Basecase Multiplication
-----------------------
Basecase NxM multiplication is a straightforward rectangular set of
cross-products, the same as long multiplication done by hand and for
that reason sometimes known as the schoolbook or grammar school method.
This is an O(N*M) algorithm. See Knuth section 4.3.1 algorithm M
(Note:References), and the `mpn/generic/mul_basecase.c' code.
Assembler implementations of `mpn_mul_basecase' are essentially the
same as the generic C code, but have all the usual assembler tricks and
obscurities introduced for speed.
A square can be done in roughly half the time of a multiply, by
using the fact that the cross products above and below the diagonal are
the same. A triangle of products below the diagonal is formed, doubled
(left shift by one bit), and then the products on the diagonal added.
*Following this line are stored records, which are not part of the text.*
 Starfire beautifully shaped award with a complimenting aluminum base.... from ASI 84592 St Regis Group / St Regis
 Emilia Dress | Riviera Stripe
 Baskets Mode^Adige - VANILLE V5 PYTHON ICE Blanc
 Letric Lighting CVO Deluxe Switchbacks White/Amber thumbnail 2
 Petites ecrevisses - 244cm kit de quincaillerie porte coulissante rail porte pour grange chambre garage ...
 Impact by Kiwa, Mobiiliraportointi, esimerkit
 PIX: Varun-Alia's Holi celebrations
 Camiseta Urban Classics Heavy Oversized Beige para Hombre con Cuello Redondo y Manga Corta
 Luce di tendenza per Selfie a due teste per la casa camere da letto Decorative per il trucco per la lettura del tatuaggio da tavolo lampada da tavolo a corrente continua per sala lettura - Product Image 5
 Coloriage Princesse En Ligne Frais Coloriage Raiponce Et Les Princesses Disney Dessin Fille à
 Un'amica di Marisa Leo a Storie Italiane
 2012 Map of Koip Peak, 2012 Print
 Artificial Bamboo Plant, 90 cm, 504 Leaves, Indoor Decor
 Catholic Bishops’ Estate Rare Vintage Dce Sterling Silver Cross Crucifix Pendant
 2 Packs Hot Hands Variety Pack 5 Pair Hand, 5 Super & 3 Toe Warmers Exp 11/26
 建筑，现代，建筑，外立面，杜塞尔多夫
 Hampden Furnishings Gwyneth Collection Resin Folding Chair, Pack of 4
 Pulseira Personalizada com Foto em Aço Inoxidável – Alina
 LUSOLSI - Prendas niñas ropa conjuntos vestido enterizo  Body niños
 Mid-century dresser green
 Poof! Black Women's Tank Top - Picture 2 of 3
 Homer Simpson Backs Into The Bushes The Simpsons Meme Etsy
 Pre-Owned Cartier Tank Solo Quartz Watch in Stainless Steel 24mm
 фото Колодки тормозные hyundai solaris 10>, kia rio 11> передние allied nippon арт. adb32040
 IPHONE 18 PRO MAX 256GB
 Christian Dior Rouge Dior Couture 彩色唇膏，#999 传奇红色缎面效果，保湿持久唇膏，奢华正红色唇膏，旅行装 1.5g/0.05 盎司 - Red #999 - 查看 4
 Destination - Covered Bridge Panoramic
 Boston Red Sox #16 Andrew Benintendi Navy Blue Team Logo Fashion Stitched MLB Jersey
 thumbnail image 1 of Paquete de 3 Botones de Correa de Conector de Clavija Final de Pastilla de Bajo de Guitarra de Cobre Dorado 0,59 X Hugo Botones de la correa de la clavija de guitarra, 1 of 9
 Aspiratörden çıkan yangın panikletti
This can be seen in `mpn/generic/sqr_basecase.c'. Again the assembler
implementations take essentially the same approach.
u0 u1 u2 u3 u4
+---+---+---+---+---+
u0 | d | | | | |
+---+---+---+---+---+
u1 | | d | | | |
+---+---+---+---+---+
u2 | | | d | | |
+---+---+---+---+---+
u3 | | | | d | |
+---+---+---+---+---+
u4 | | | | | d |
+---+---+---+---+---+
In practice squaring isn't a full 2x faster than multiplying, it's
usually around 1.5x. Less than 1.5x probably indicates
`mpn_sqr_basecase' wants improving on that CPU.
On some CPUs `mpn_mul_basecase' can be faster than the generic C
`mpn_sqr_basecase'. `BASECASE_SQR_THRESHOLD' is the size at which to
use `mpn_sqr_basecase', this will be zero if that routine should be
used always.